Is testosterone safe if I have PCOS?
Usually no. Women with PCOS typically already have elevated androgens, and adding exogenous testosterone could worsen hirsutism, acne, and potentially metabolic health. Testosterone therapy in a woman with PCOS should only occur under the direct supervision of an endocrinologist or reproductive endocrinologist with a clear documented rationale.
Can I use testosterone during perimenopause?
Some clinicians prescribe low-dose testosterone during perimenopause for HSDD, but the formal evidence base is much stronger for postmenopausal women. The 2019 Global Consensus does not make a formal recommendation for premenopausal or perimenopausal women due to insufficient trial data. A decision to use testosterone during perimenopause involves extrapolating from postmenopausal data.
Is testosterone safe during pregnancy?
No. Testosterone is teratogenic and carries a Pregnancy Category X designation under the legacy FDA system, meaning it is contraindicated in pregnancy. Androgen exposure during fetal development can cause virilization of a female fetus. Any woman of reproductive potential who uses testosterone must use reliable contraception and stop immediately if pregnancy is discovered.
Does testosterone pass into breast milk?
Yes, testosterone transfers into breast milk. The clinical significance for a nursing infant has not been well studied, which itself is a concern. Women who are breastfeeding should defer testosterone use until they have weaned.
Will my insurance cover compounded testosterone?
Most US insurance plans do not cover compounded testosterone for women because there is no FDA-approved female indication and no standard billing code for this use. Out-of-pocket costs for compounded testosterone cream or gel typically range from $30 to $80 per month depending on the pharmacy and formulation.
What blood tests do I need before starting testosterone?
Before starting, your clinician should check baseline total testosterone, free testosterone, sex hormone-binding globulin (SHBG), and hematocrit. An LC-MS/MS assay is more accurate than a standard immunoassay for measuring female-range testosterone levels. Baseline lipids and liver function are also reasonable given the metabolic effects of androgens.
How long does it take for testosterone to work in women?
Most clinical trials showing benefit in sexual function ran for 12 to 24 weeks. Some women notice changes in desire within 4 to 6 weeks, but the full effect on outcomes like satisfying sexual events is typically assessed at 12 weeks. If you see no benefit after 6 months at a confirmed physiologic dose, reassessment of the indication is warranted.

References

  1. Davis SR, Baber R, Panay N, et al. Global Consensus Position Statement on the Use of Testosterone Therapy for Women.

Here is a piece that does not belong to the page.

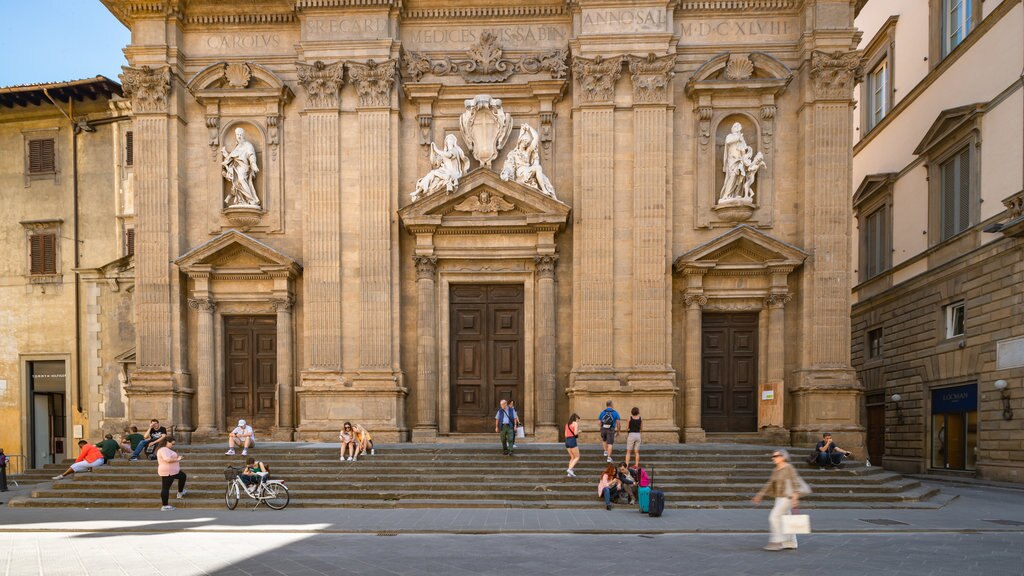 Historic Center - Downtown which includes heritage architecture and street scenes as well as a small group of people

J Clin Endocrinol Metab. 2019;104(10):4660-4666.
  2. Islam RM, Bell RJ, Green S, Page MJ, Davis SR. Safety and efficacy of testosterone for women: a systematic review and meta-analysis of randomised controlled trial data. Lancet Diabetes Endocrinol. 2019;7(10):754-766.
  3. FDA. Compounding and the FDA: Questions and Answers. US Food and Drug Administration.

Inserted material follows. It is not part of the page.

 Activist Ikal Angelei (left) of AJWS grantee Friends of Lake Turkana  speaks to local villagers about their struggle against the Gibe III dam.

  4. AndroGel (testosterone gel) 1% Prescribing Information. AbbVie Inc. FDA Drugs@FDA. 2021.
  5. ACOG Practice Bulletin No. 194: Polycystic Ovary Syndrome. Obstet Gynecol. 2018;132(6):e182-e191.
  6. Shifren JL, Davis SR. Androgens in postmenopausal women: a review. Menopause. 2017;24(8):970-979.
  7. The Menopause Society (NAMS). Position Statement on Hormone Therapy. Menopause. 2022.
  8. FDA. Pregnancy and Lactation Labeling Final Rule. Federal Register. 2014.
  9. ISSWSH. Hypoactive Sexual Desire Disorder: International Society for the Study of Women's Sexual Health Process of Care. Mayo Clin Proc. 2018;93(4):467-487.
  10. Wierman ME, Arlt W, Basson R, et al. Androgen therapy in women: a reappraisal: an Endocrine Society clinical practice guideline. J Clin Endocrinol Metab. 2014;99(10):3489-3510.